Task description: Please retype the records below exactly as they appear, leaving out every picture.

[Recorded data]
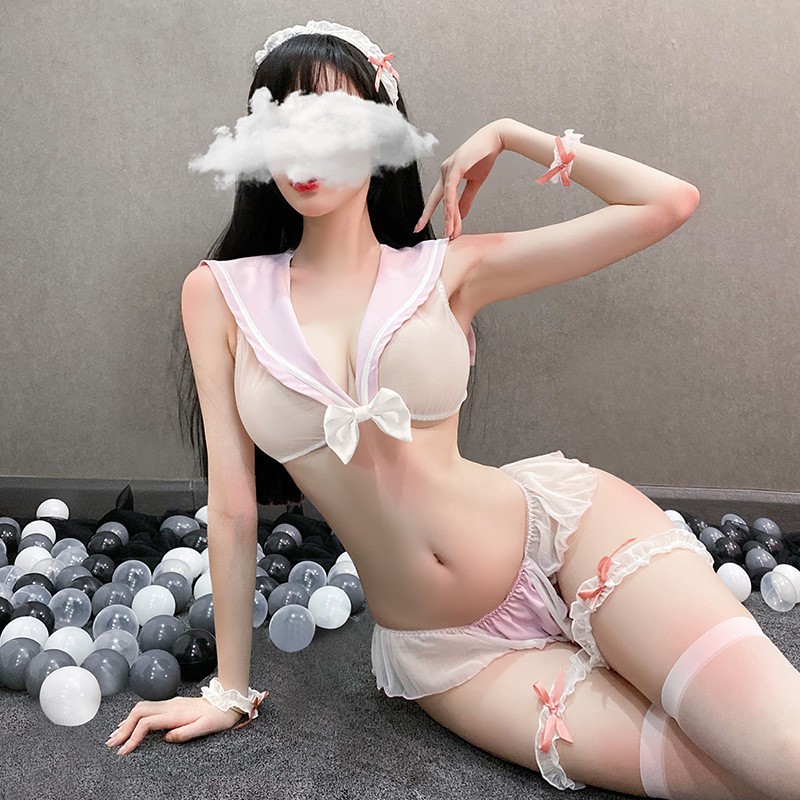 Đồ ngủ nữ sexy gợi cảm phong cách cosplay nữ sinh trong suốt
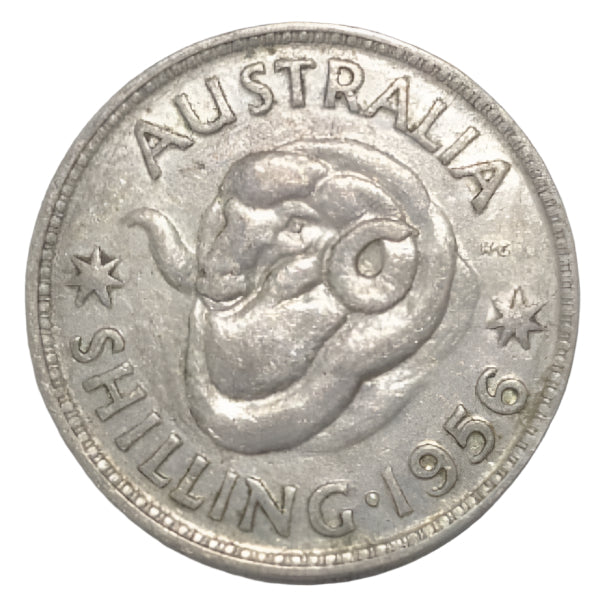 1956 Australian Silver One Shilling Coin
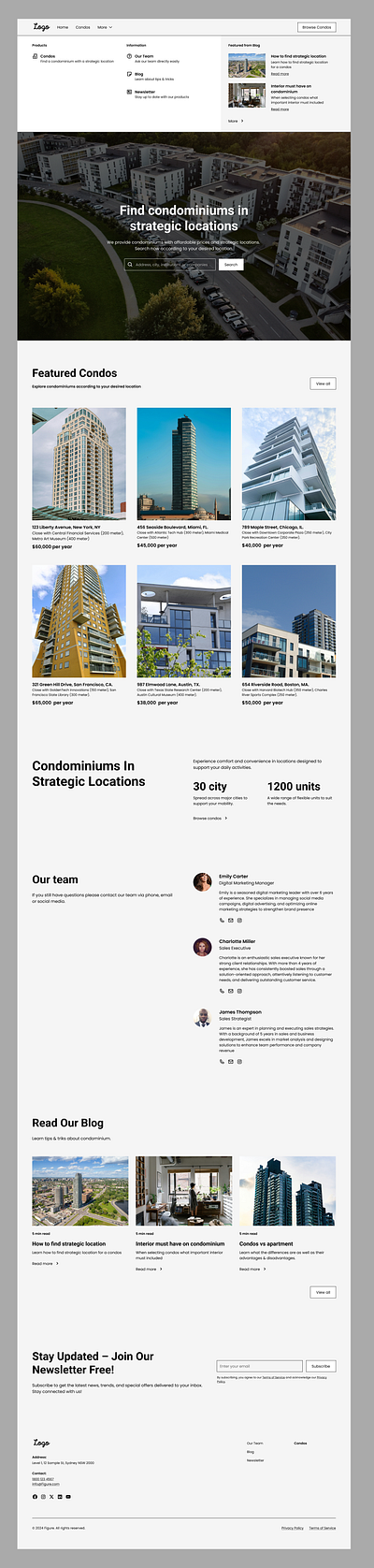 Landing Page Condominium Minimalist condominium landing page minimalist property web design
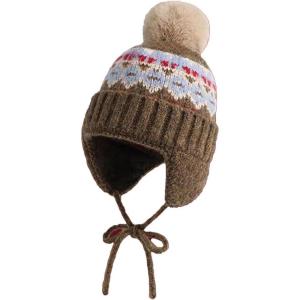 Generisch Bonnet tricoté unisexe avec cache-oreilles et pompon – Bonnet d&rsquo;hiver chaud de style norvégien – Bonnet à pompon traditionnel pour homme et femme(Style_f04 Kaki)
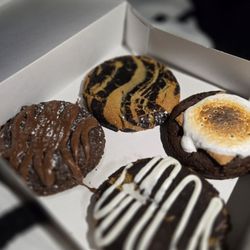 Night Owl Cookies - Top left: Brookie Top right: Smores Bottom left: Dirty Diana Bottom right: Cookies and Cream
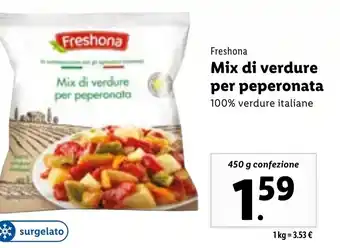 Lidl Freshona Mix di verdure per peperonata 450 g confezione offerta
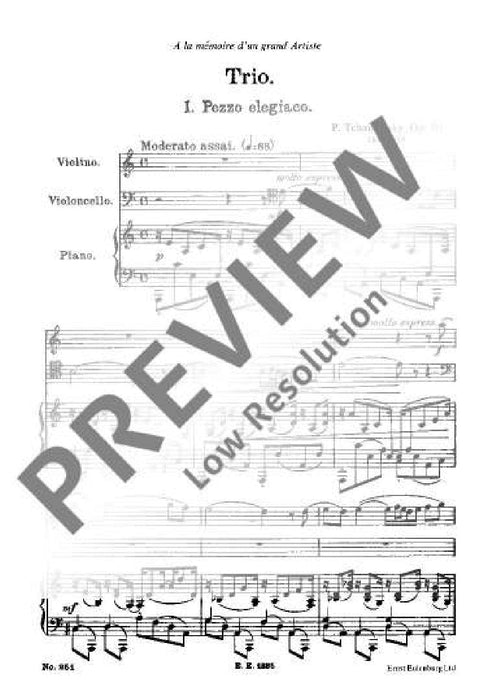 Piano Trio A minor op. 50 CW 93 柴科夫斯基．彼得 鋼琴三重奏小調 總譜 歐伊倫堡版 | 小雅音樂 Hsiaoya Music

Your solution:
 Đồ ngủ nữ sexy gợi cảm phong cách cosplay nữ sinh trong suốt
 1956 Australian Silver One Shilling Coin
 Landing Page Condominium Minimalist condominium landing page minimalist property web design
 Generisch Bonnet tricoté unisexe avec cache-oreilles et pompon – Bonnet d&rsquo;hiver chaud de style norvégien – Bonnet à pompon traditionnel pour homme et femme(Style_f04 Kaki)
 Night Owl Cookies - Top left: Brookie Top right: Smores Bottom left: Dirty Diana Bottom right: Cookies and Cream
 Lidl Freshona Mix di verdure per peperonata 450 g confezione offerta
 Piano Trio A minor op. 50 CW 93 柴科夫斯基．彼得 鋼琴三重奏小調 總譜 歐伊倫堡版 | 小雅音樂 Hsiaoya Music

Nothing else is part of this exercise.